(Bloomberg News) T. Rowe Price Group Inc., the asset manager that has posted a profit every quarter since going public in 1986, said third-quarter earnings rose 33 percent, beating analysts' estimates, as global stock markets rallied and investors made net deposits.
Net income increased to $245.7 million, or 94 cents a share, from $184.6 million, or 71 cents, a year earlier, the Baltimore-based company said today in a statement. The average estimate of 12 analysts surveyed by Bloomberg was a profit of 84 cents a share. Earnings were also boosted by 7 cents a share from the sale of investments in sponsored mutual funds.

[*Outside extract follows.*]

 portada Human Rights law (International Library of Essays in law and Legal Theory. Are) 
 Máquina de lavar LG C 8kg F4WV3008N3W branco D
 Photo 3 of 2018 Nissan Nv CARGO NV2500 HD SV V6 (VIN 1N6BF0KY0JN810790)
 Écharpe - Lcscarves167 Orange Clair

"The key is the market is up for the quarter, it's up for the year, our cash flows are positive and our performance continues to be very good," Chief Executive Officer James Kennedy said in a telephone interview today.
The company has benefited as investment performance at funds beat rivals and retirement-oriented offerings drew investors. Clients added $4.3 billion in new money to T. Rowe Price funds in the three months ended Sept. 30, including $2.2 billion in target-date retirement portfolios. Assets rose 6 percent to $574.4 billion during the quarter as market appreciation added $28.4 billion.

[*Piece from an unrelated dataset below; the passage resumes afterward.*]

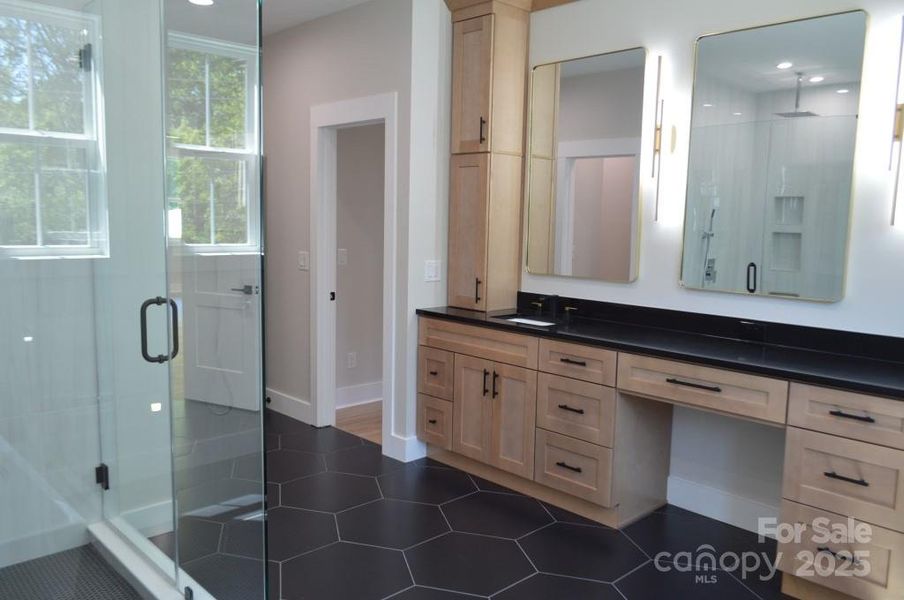 Furnished interior view inside a new home in , Davidson (Image 7).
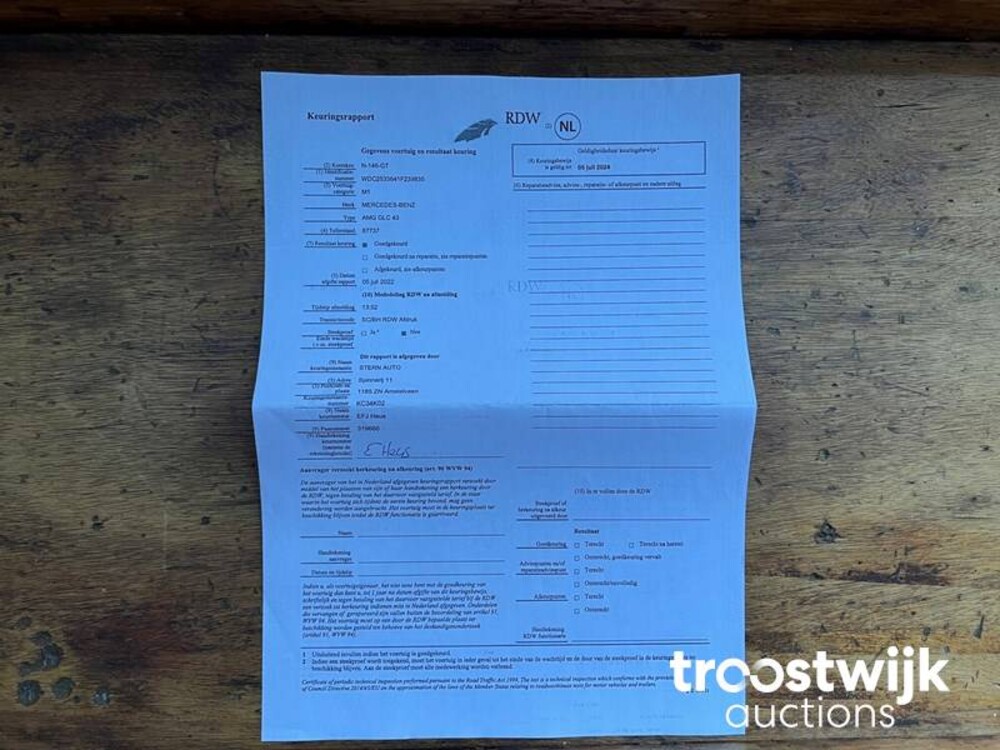 Mercedes-Benz GLC43 AMG Coupe 3.0 V6 4Matic 367 PS 2017 GLC-Klasse, N-146-GT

T. Rowe Price rose 0.6 percent to $65.10 at 9:55 a.m. in New York. Shares rose 14 percent this year through yesterday, compared with the 18 percent increase for Standard & Poor's 20- company index of asset managers and custody banks.
The S&P 500 Index, a benchmark for U.S. stocks, gained 5.8 percent last quarter and global stocks, as measured by the MSCI AC World Index, rose 6.2 percent.

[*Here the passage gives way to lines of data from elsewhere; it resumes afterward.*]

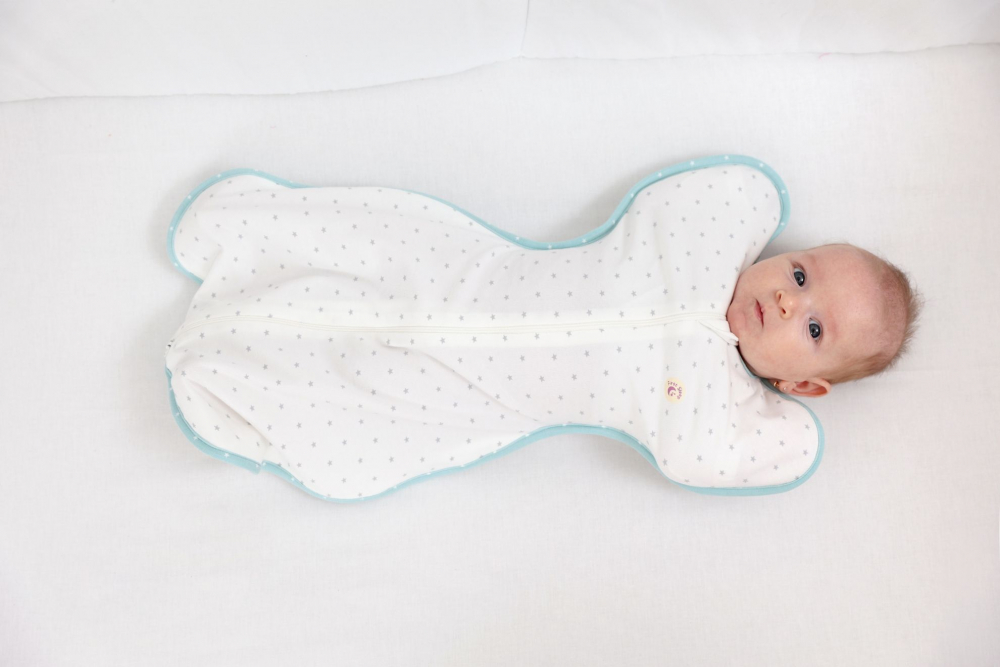 Sac Dormit KidsDecor 1 Tog Swaddle, 60 cm - imagine 5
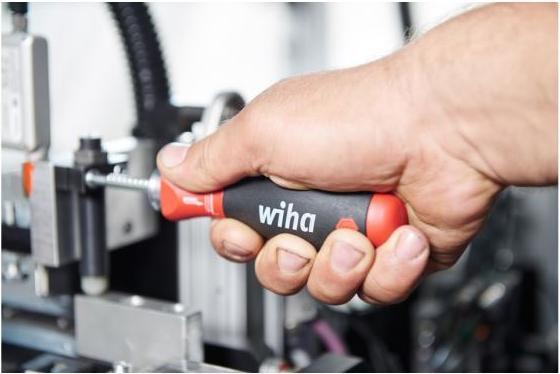 Actual product image Wiha System 6 (Port, Phillipps cross recess (PH), Allen screw, Pozidriv cross recess (PZ))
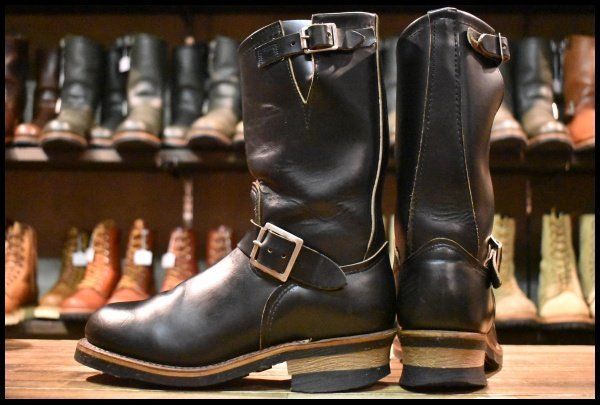 ブラッククローム スチールトゥ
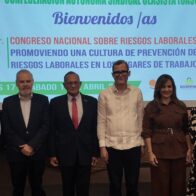 Autoridades abogan por entornos laborales más seguros en congreso de la CASC - Noticias de hoy en República Dominicana | De Último Minuto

T. Rowe Price has gathered deposits even as investors withdrew $82.6 billion from U.S. funds that buy domestic stocks this year through September, data compiled by Morningstar Inc. show.
BlackRock Inc., the world's largest asset manager, said clients redeemed a net $55 billion in the third quarter, despite deposits of $20.5 billion into equity exchange-traded funds. BlackRock said a single institutional investor pulled more than $72 billion from a fixed-income portfolio, after the firm didn't want to rebid for the business at lower fees. Assets rose 3.2 percent during the three months to $3.67 trillion, the company said last week, fueled by market gains of $134 billion.
At T. Rowe, 72 percent of the firm's mutual funds beat the average return of their peers in this year's first nine months, according to data compiled by Chicago-based Morningstar. About three quarters of T. Rowe's assets are invested in equities.